Das potenziell tödliche Virus breitet sich auch in Syrien, Libyen und im Jemen aus, drei Ländern, deren soziale Infrastruktur durch die von imperialistischen Interventionen dezimiert wurden. Das Fehlen von Tests durch lokale Behörden oder internationale Organisationen lässt das Ausmaß der Krise bislang unbekannt.

Überall auf der Welt, von den USA und Westeuropa bis nach Lateinamerika, Asien, Afrika und in den Nahen Osten, enthüllt und verschärft die Covid-19-Pandemie die allgegenwärtige soziale Ungleichheit, die Umverteilung des Vermögens von den arbeitenden Menschen hin zu einer herrschenden Finanzoligarchie, die Aushöhlung demokratischer Herrschaftsformen und die zunehmenden Hinwendung zum Autoritarismus sowie die Vorbereitung für einen imperialistischen Krieg.

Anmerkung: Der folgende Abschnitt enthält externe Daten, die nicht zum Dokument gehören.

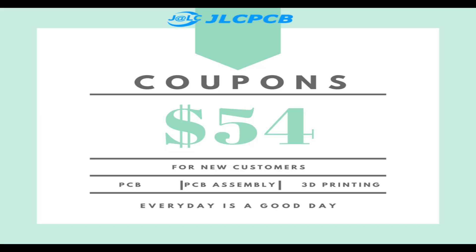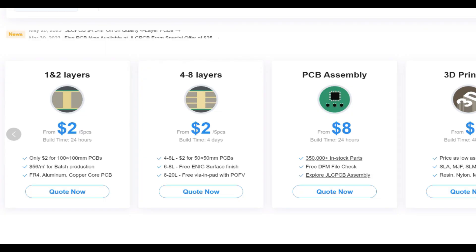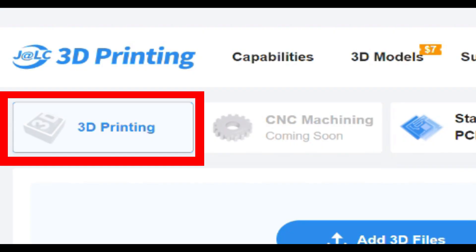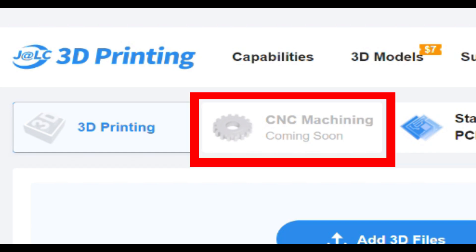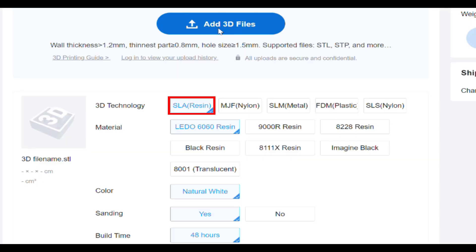First time customers can get a coupon good for $54 off their first order. Over the last couple of years, they've been expanding their services beyond solely manufacturing custom multi-layer printed circuit boards. They now offer additive manufacturing, and in the near future they also plan to start offering select machining operations. Currently, their printing capabilities include SLA, MultiJet Fusion, SLM, FDM, and SLS, all in a variety of materials.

Millionen Menschenleben auf der ganzen Welt stehen auf dem Spiel. So erweist sich der Kampf gegen die Pandemie immer offener als ein politischer Kampf, der nur durch eine unabhängige politische Mobilisierung und internationale Vereinigung der Arbeiterklasse im Kampf für den Sozialismus erfolgreich geführt werden kann.